Solve by factoring:

10t^2 – t − 2 = 0

10t^2 - t - 2 = 0.

Use the AC Method:
A*C = 10*(-2) = -20 = -5*4.
Select the pair of factors whose sum = -1:
10t^2 - 5t+4t - 2 = 0,
Form 2 factorable pairs by grouping:
(10t^2-5t) + (4t-2) = 0,
Factor each binomial:
5t(27-1) + 2(2x-1) = 0,
(2t-1)(5t+2) = 0,

2t-1 = 0,
2t = 1,
t = 1/2.

5t+2 = 0,
5t = -2,
t = -2/5.

Solution Set: t = 1/2, and-2/5.

Correction:

5t(27-1) should be 5t(2t-1).

All variables should be t and NOT x.

To solve the quadratic equation 10t^2 – t – 2 = 0 by factoring, we need to find two binomials whose product is equal to the given quadratic equation.

Step 1: Multiply the coefficient of the quadratic term (10) with the constant term (-2). This gives us -20.

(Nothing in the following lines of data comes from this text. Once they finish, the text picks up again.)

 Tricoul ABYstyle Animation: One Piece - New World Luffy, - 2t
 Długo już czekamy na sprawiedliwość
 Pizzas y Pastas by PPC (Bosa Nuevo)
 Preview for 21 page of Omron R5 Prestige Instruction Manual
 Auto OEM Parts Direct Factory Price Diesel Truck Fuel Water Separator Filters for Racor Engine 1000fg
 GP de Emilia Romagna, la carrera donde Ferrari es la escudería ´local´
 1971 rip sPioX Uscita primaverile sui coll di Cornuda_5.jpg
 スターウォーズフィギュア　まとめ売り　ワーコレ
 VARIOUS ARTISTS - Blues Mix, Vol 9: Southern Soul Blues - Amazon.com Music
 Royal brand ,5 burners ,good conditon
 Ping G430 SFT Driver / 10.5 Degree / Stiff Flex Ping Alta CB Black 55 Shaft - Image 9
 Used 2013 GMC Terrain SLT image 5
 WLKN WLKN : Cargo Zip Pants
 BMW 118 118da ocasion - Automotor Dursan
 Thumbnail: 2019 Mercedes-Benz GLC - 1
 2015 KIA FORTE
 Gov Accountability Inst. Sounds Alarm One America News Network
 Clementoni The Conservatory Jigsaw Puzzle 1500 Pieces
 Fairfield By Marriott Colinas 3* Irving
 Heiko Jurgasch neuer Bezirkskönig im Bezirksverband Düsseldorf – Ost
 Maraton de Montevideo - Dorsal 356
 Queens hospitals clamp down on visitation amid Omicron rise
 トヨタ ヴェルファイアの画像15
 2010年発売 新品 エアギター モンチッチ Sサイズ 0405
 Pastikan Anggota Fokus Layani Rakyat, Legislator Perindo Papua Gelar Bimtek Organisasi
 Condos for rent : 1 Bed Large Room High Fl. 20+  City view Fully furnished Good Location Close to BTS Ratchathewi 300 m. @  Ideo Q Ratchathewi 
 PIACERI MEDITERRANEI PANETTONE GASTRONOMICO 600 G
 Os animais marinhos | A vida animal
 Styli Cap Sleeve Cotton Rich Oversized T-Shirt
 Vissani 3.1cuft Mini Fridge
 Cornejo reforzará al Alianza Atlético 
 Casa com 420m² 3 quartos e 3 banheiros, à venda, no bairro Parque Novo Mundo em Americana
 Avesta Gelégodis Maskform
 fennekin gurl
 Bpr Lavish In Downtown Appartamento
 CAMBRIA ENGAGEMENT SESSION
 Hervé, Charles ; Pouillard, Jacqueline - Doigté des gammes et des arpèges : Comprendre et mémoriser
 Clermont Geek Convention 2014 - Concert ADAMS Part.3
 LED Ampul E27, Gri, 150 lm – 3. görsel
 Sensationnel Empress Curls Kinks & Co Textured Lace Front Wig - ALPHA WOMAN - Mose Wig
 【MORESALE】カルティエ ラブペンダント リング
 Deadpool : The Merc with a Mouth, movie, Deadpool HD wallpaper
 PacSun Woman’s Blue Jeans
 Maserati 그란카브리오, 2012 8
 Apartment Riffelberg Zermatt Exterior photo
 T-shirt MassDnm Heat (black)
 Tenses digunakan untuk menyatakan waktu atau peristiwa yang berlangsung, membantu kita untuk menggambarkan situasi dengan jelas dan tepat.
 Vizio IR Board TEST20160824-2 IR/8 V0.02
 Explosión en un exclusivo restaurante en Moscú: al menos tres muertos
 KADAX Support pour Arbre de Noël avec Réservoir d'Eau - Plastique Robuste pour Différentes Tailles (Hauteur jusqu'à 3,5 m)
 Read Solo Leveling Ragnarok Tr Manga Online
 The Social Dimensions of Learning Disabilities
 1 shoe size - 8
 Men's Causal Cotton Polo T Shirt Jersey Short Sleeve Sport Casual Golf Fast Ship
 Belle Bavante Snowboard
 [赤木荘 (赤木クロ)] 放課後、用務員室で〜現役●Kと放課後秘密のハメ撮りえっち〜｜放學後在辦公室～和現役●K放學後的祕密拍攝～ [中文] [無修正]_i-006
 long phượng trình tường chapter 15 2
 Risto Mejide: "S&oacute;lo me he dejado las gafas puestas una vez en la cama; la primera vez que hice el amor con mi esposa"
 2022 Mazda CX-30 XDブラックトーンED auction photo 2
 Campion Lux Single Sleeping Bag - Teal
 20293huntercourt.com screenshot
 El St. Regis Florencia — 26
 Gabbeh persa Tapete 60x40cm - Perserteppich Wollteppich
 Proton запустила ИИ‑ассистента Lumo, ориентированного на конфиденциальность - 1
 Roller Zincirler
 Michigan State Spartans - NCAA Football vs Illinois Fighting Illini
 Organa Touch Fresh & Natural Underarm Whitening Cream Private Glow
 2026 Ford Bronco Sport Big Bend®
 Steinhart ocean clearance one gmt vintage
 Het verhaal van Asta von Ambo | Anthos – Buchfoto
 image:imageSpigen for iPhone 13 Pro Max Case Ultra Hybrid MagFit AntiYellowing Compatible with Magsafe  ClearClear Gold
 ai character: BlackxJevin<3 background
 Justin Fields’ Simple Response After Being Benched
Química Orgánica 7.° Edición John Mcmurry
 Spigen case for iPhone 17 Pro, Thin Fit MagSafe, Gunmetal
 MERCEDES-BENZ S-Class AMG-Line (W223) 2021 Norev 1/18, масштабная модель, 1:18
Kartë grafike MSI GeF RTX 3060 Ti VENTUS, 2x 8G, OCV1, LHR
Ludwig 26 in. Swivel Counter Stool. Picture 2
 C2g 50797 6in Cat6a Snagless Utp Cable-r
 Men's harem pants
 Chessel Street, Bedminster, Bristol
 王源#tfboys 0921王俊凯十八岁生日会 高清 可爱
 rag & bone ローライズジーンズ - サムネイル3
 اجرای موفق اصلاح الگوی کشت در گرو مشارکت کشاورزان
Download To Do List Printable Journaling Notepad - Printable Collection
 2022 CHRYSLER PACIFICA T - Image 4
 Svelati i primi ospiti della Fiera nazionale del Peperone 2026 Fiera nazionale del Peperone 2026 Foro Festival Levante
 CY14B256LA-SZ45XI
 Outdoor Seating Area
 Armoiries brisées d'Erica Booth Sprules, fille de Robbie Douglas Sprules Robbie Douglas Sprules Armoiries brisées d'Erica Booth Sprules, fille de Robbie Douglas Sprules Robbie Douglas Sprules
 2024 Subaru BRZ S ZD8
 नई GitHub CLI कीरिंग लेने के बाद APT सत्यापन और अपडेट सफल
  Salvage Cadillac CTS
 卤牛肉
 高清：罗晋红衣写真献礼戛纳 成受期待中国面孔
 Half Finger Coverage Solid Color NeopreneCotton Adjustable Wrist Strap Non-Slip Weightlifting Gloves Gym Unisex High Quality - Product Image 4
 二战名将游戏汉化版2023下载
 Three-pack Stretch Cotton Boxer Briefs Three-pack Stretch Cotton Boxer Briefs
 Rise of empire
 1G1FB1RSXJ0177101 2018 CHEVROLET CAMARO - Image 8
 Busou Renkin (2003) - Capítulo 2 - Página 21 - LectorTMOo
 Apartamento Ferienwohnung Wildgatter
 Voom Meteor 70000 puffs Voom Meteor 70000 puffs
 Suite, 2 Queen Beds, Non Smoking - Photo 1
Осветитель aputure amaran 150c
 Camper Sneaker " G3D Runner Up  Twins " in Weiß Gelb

Step 2: We need to find two numbers that multiply to give -20 and add up to the coefficient of the linear term (-1). The numbers -5 and 4 satisfy this condition since (-5) * 4 = -20 and (-5) + 4 = -1.

Step 3: Rewrite the middle term (-t) using the two numbers (-5 and 4) as coefficients. This gives us 10t^2 - 5t + 4t - 2 = 0.

Step 4: Group the terms and factor by grouping. We group the first two terms and the last two terms:
(10t^2 - 5t) + (4t - 2) = 0
5t(2t - 1) + 2(2t - 1) = 0

Step 5: Notice that the terms (2t - 1) appear in both groups. Factor out (2t - 1):
(2t - 1)(5t + 2) = 0

Step 6: Set each factor equal to zero and solve for t:
2t - 1 = 0 or 5t + 2 = 0

Step 7: Solve the equations:
2t = 1 or 5t = -2
t = 1/2 or t = -2/5

Therefore, the solutions to the quadratic equation 10t^2 – t – 2 = 0 are t = 1/2 and t = -2/5.